Sunday 12 July 2015

Nothing to learn about God here...move along..?

Sometimes I have an awkward conversation with church folk.
I ask to join in, saying that there are an awful lot of autistic people, and our voices count too.
For example, some 10% of LGBT+ people are autistic.  Are we represented at the Shared Conversations on CofE LGBT matters?  No-one knows.  No-one has asked, it seems.  Maybe we are, maybe we're not.  Who can tell.



And normally there's someone who says, "Why should autistic people get a special mention? If you get a place, what about me?  After all, I have diabetes, so why don't we have a special number of places for diabetic people? Or people who enjoy going to the theatre?   We can't cater for every group, as it's just ridiculous".


Is it?  It betrays an extraordinary lack of knowledge of autism.  And of God, I'd argue.


Autistic people encounter God and faith differently.  We have a different sensory system.  We see differently.  We hear differently.

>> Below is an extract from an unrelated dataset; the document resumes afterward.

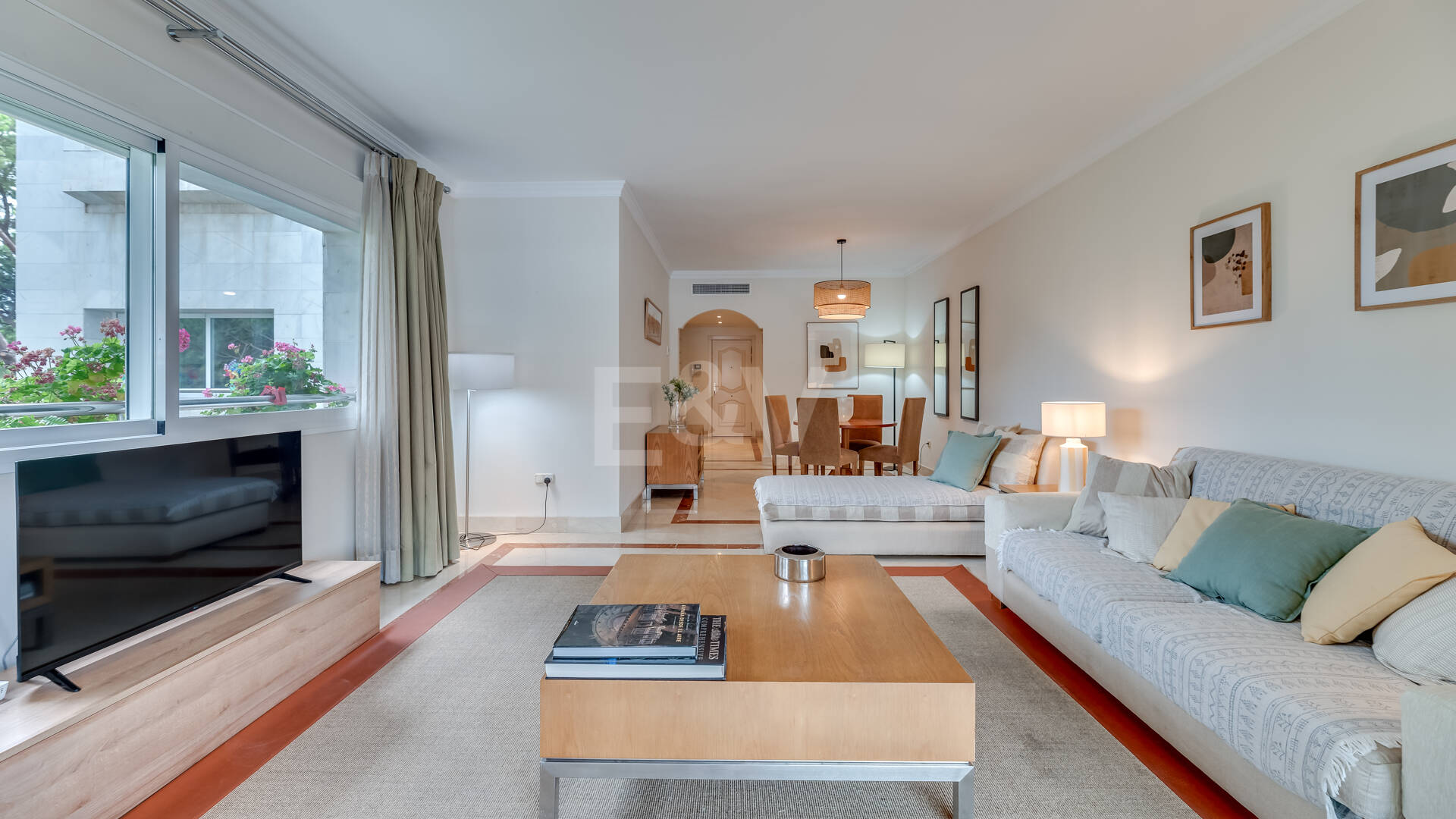 Apartamento de 2 dormitorios a tan solo 150 metros de la playa en La Milla de Oro. Disponible para alquileres de corta temporada.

We are affected by texture, smell and physical contact differently.   We process words differently.  We see people differently (often being faceblind for example, and not able to recognise folk from their faces alone).  We are rule-driven, not social-relationship-driven, and that means that our reading of the Bible is different.   We socialise differently.  We form relationships differently.  Not in 'broken ways', but ways that represent something new, something amazing to learn about.  Truly amazing.


What of God is represented in what we encounter?  What of His word can we learn anew by listening to our 'take' on the Bible?
How does the word of Scripture sound to autistic lesbian ears?
How do faith images impact on eyes that see colour and texture differently?
What is it like to live with multiple disadvantages, from birth - in church life?
Is 10% of a group 'too small' to think about including?
What do we lose by not asking, by not including?


It's tempting to see autistic people as just asking to be included in order to make a point.  In order to be a nuisance.  As some annoying group asking to be 'catered for'. But it's not that.  


It's about having something so worthwhile to contribute.  It's about us hearing something really important about how we fail to see really big groups of people  (some 300,000 of us in the country who are autistic and LGBT).   It's about who has the right to decide things for us, without asking us or consulting with us.   It's about who gets to impose pain and fear on us, quite accidentally, because they failed to ask our needs too.

No, it's not like leaving out people who are keen on hockey, or those who prefer the 8am service to the 10am service.  It's about a group of people who are routinely bullied, excluded, assaulted, marginalised, forgotten and mostly live in abject poverty.  And about a church that needs to do better than, "Well, your voice doesn't matter".  If no-one has ever listened, how do we know?